# Looking for assistance



## duxngumbo (Dec 5, 2002)

This is my first trip to this site and forum...great format and enjoyed reading the season's reports so far. I will be back in ND (Dickinson) over the Christmas holidays and my girlfriend's father (who hasn't hunted for many years) is anxious to have me take him out after pheasants. Looking at my P.L.O.T.S map, there are many spots around Dickinson, but I know from experience that these can often be tough hunting with less-than-optimal results. If I were by myself, I wouldn't be sweating that--I simply love being out with my lab on the prairie--but with my guest and our limited schedule, I want to optimize that time and hopefully put him on some birds. Can anyone offer any reports on the PLOTS in that area or would I be better off hooking up on a day lease (I found MANY in that area).

I appreciate any insight!

TF


----------



## Dunk221999 (Sep 11, 2002)

It is going to be tough in that area. It was a real dry year and most of the plots lands were half bailed, and the ones that wern't didn't produce fair cover at best. You will have to focus on lands with cattail swamps in them for they will have the best cover. South east of Dickinson was a tough area this year. Lot's of hunters and not many birds. Good luck though!!!!!

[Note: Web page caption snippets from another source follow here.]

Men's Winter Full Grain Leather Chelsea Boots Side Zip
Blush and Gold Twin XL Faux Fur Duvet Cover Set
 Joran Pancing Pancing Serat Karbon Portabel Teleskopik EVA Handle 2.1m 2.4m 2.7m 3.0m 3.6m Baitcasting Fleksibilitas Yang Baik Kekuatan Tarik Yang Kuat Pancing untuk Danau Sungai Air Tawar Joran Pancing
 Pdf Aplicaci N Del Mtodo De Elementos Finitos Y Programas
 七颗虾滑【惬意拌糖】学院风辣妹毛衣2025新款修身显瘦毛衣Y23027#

If not try the areas around Ashley and Linton!!!!


----------



## David S Proffitt (Sep 13, 2002)

I spent the first six days of the season near Dickinson and shot my three birds in about 35 minutes the day I left. The land open to the public just south of town continuosly held birds every morning. If you want some specific directions send me a private message.


----------



## fgohunter (Dec 6, 2002)

You will see quite a few birds I believe in those plots areas around Dickinson. There were quite a few birds there when I was out there early last month.


----------